Five and a half metres long, with an entry price of £330,000, the Spectre is a car of epic proportions, particularly for a two-door, four-seater coupé. Steering clear of reinventing Rolls-Royce’ visual identity, the Spectre is more evolution than revolution when it comes to design. The long bonnet, trademark rear-hinged coach doors, sheer surfaces and imposing upright front are still dominant design cues, despite the substantial change under the aluminium bodywork.   

Positioning it as the spiritual successor to the 2008 Phantom Coupé, Rolls-Royce hopes the Spectre will attract new buyers to the brand as well as appeal to loyal customers. With North America being Rolls-Royce’s largest market, the Spectre was launched in California’s sun-drenched Napa Valley.

It’s a two-door, four-seat coupé, with rear-hinged “coach” doors
It’s a two-door, four-seat coupé, with rear-hinged “coach” doors © Mark Fagelson
The interior is finished with aluminium, steel, open pore wood and leather
The interior is finished with aluminium, steel, open pore wood and leather © Mark Fagelson

Out on Napa’s wooded and winding roads, Spectre’s acceleration is stately, not excruciatingly sharp like so many electric cars. Rolls-Royce has intentionally added a slight delay to the acceleration to make for a smoother 0-60mph dash, which takes 4.4 seconds. Through the corners, it’s hard to ignore the car’s 2.9-tonne weight. With a large battery on board and the typical Rolls-Royce host of hefty trim materials and interior comforts, the Spectre is one of the heaviest cars on the market.

Video description

The Rolls-Royce Spectre is put through its paces on the roads of Napa Valley

The Rolls-Royce Spectre out on the roads of California © Rolls-Royce

Given its mass, Rolls-Royce has done a good job at controlling all that weight through the corners, with the Spectre handling sharp twists and turns far better than expected. Rolls-Royce refers to the car’s “waftability” and that’s exactly how it feels to drive. The redesigned Spirit of Ecstasy, with lower wings for greater aerodynamic efficiency, sits proudly on the bonnet as a handy marker for the centre point. The car’s proportions aren’t a problem on California’s wide roads but on the UK’s tight city streets and B-roads, it might prove difficult to pilot.

As to range, its 102kWh battery is good for 329 miles WLTP (travelling at an average speed of 28.8mph). Expect a shorter range in reality – like so many electric cars, everything from the climate outside to the in-car tech can impact upon the range.
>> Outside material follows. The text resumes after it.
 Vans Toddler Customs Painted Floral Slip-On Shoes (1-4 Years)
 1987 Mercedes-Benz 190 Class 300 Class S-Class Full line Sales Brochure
Spectre accelerates from 0-60mph in 4.4 seconds
Spectre accelerates from 0-60mph in 4.4 seconds © Mark Fagelson

On the inside, it’s a similar story to the rest of Rolls-Royce’s models save for the glitz of the star-lined doors. Rolls pioneered the Starlight Headliner (a series of fibre-optic lights hidden in the car’s ceiling) back in 2007 but Spectre sees that replicated in the doors and in the rear cabin, with 4,796 lights. At night, it’s an impressive spectacle. Up front there’s a digital dashboard display in place of analogue dials and the car’s digital architecture has been revised with a new software package called Spirit, making it the most connected Rolls-Royce to date. Part of that package gives customers the opportunity to customise the art deco-inspired look and layout on the dashboard. The graphics are easy to read and refreshingly simple given other EV manufacturers have chosen to dial up the data output.
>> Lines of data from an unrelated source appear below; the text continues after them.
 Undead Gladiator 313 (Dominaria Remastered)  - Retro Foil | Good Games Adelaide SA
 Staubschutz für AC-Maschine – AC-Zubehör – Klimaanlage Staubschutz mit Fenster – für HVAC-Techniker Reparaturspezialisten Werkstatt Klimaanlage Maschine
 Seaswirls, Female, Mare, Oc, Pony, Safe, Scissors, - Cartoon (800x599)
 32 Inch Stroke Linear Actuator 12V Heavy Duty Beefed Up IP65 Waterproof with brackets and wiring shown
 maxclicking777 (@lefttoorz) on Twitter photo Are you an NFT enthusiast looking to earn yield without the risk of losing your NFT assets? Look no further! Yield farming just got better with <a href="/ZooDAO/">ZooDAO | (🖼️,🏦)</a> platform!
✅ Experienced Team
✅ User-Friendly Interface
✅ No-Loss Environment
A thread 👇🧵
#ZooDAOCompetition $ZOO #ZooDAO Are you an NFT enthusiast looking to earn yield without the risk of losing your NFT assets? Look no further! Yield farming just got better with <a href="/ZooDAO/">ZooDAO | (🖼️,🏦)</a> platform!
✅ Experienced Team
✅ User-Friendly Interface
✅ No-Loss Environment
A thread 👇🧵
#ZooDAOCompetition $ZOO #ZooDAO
The maker has been keen to ensure Spectre remains a Rolls-Royce first and an electric car second. While it’s certainly achieved that, it’s swerved the opportunity to revise the definition of a super-luxury car in an all-electric age. Rolls-Royce’s closest rival Bentley will be bringing its first all-electric car to market in 2025. In launching Spectre now, Rolls-Royce has arrived first to market. A confident but cunning move that sees Spectre establish itself as the benchmark for other luxury EVs to come.